→ What the exercise asks: Leaving out all pictures, write down exactly the lines from the one containing "Used 2017 Jeep" through the last line of the material.

→ Data for analysis:
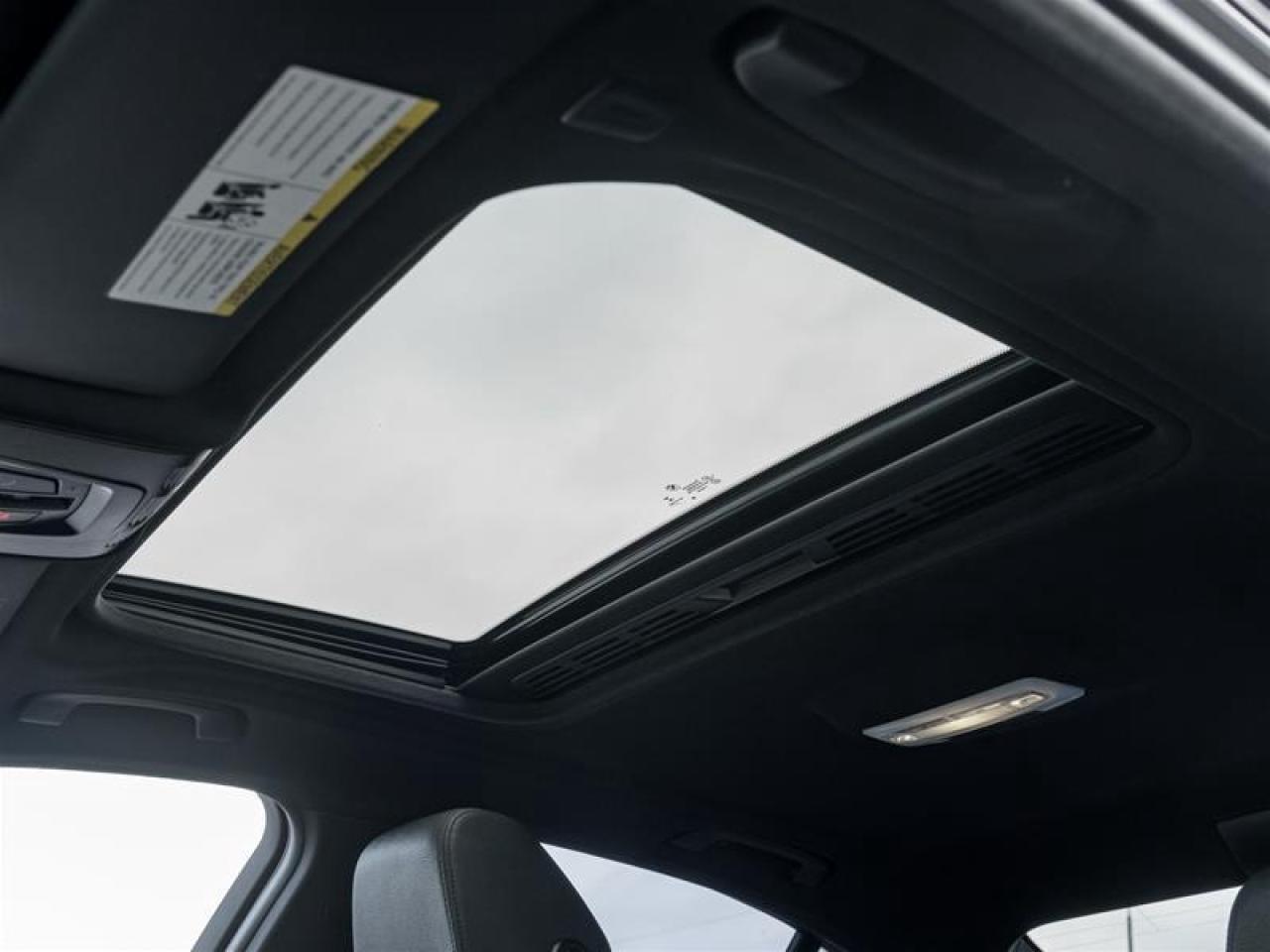 2018 BMW 330 i xDrive 4dr All-Wheel Drive Sedan Photo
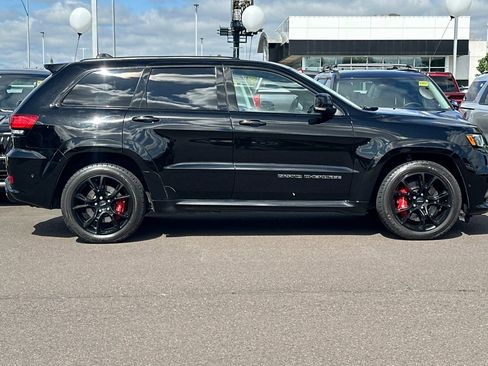 Used 2017 Jeep Grand Cherokee SRT w/ Trailer Tow Group IV AWD/4WD image 3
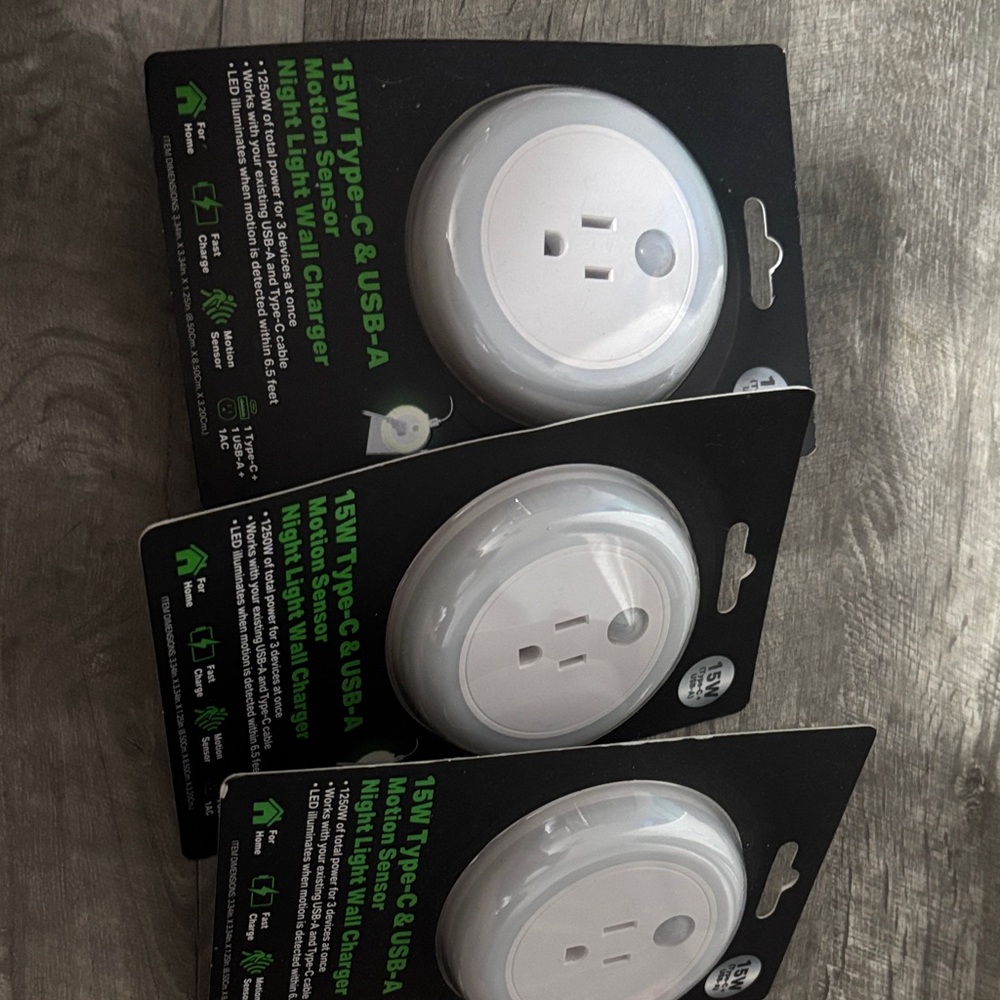 Source Unknown 15W Type-C & USB-A Wall Charger - White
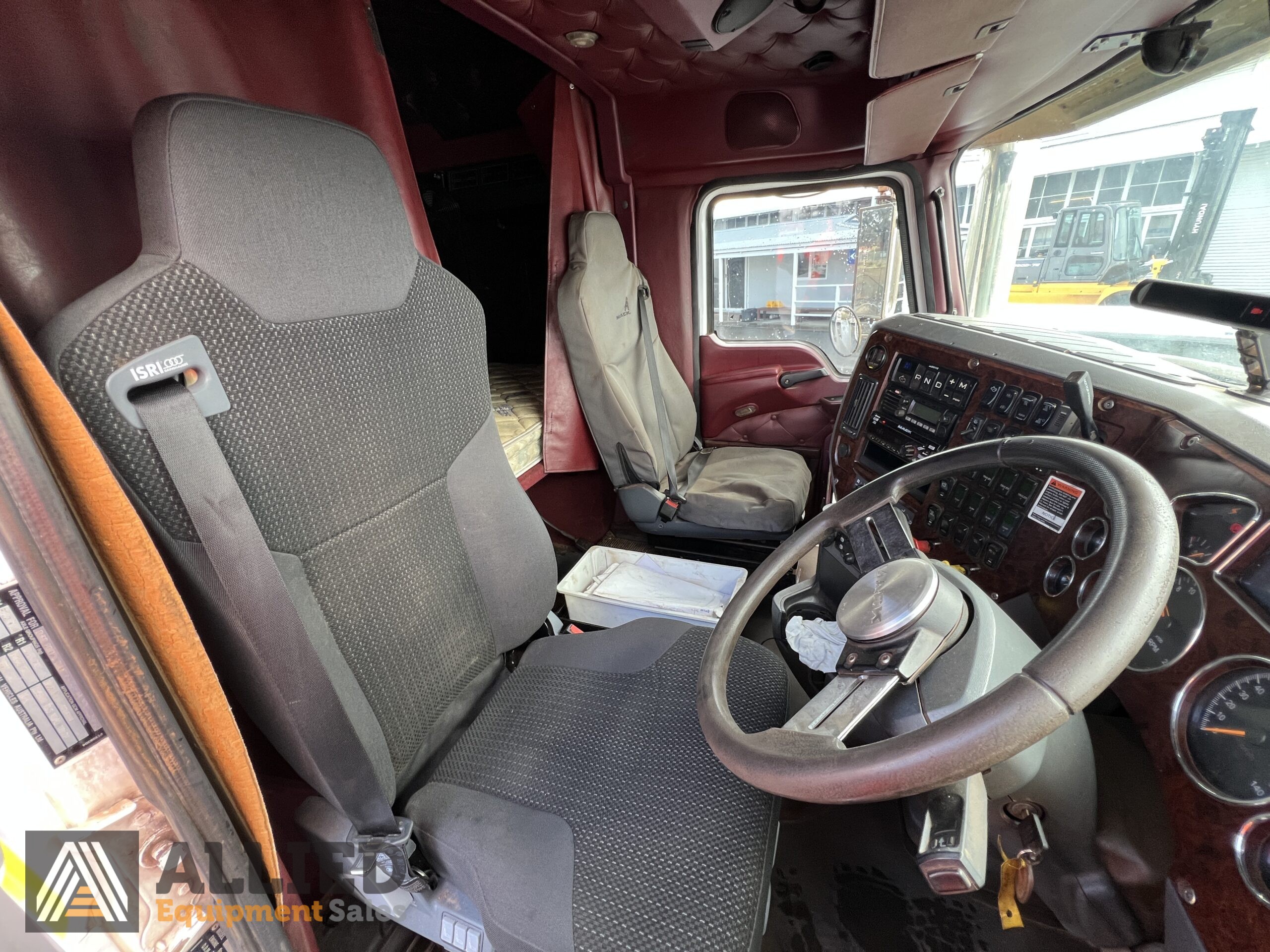 2019 MACK TITAN CLXT 685HP 8X6 PRIME MOVER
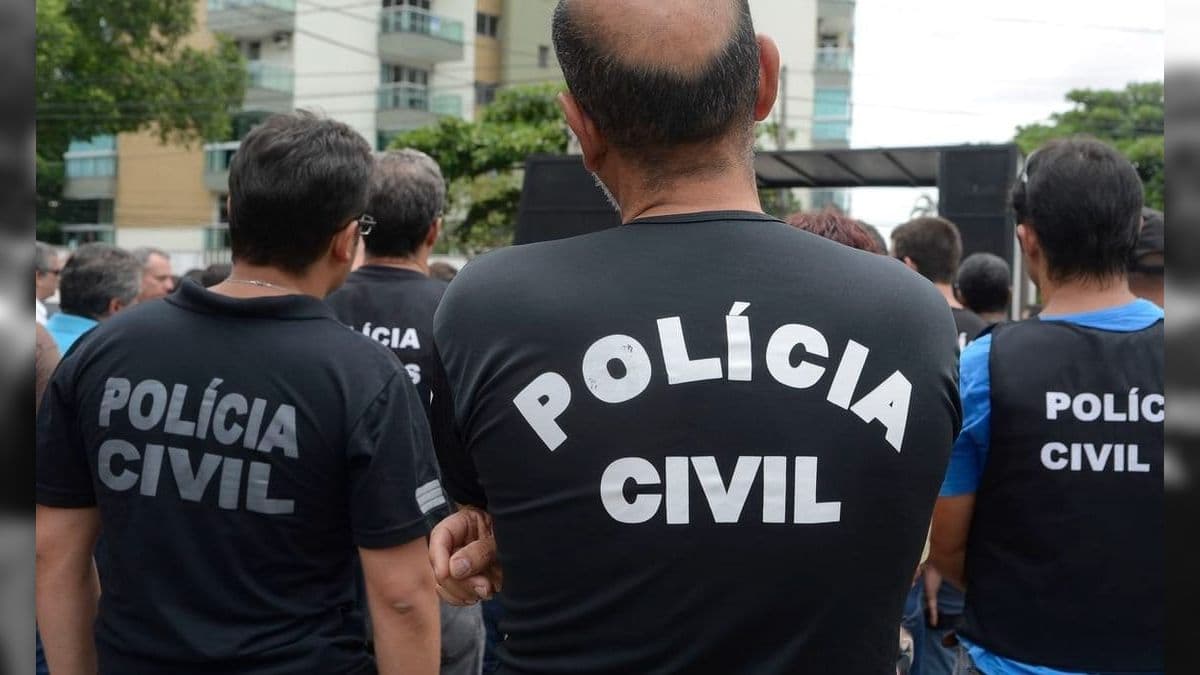 Mulher é morta a facadas pelo ex-companheiro no meio da rua no Rio
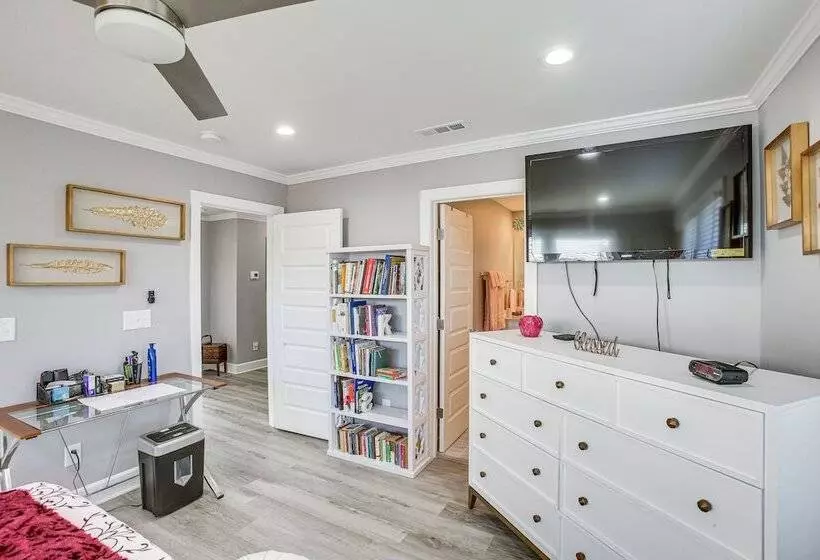 Pet Friendly Gallatin Home W/ Deck, 1 Mi To Town!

→ Solution below:
 Used 2017 Jeep Grand Cherokee SRT w/ Trailer Tow Group IV AWD/4WD image 3
 Source Unknown 15W Type-C & USB-A Wall Charger - White
 2019 MACK TITAN CLXT 685HP 8X6 PRIME MOVER
 Mulher é morta a facadas pelo ex-companheiro no meio da rua no Rio
 Pet Friendly Gallatin Home W/ Deck, 1 Mi To Town!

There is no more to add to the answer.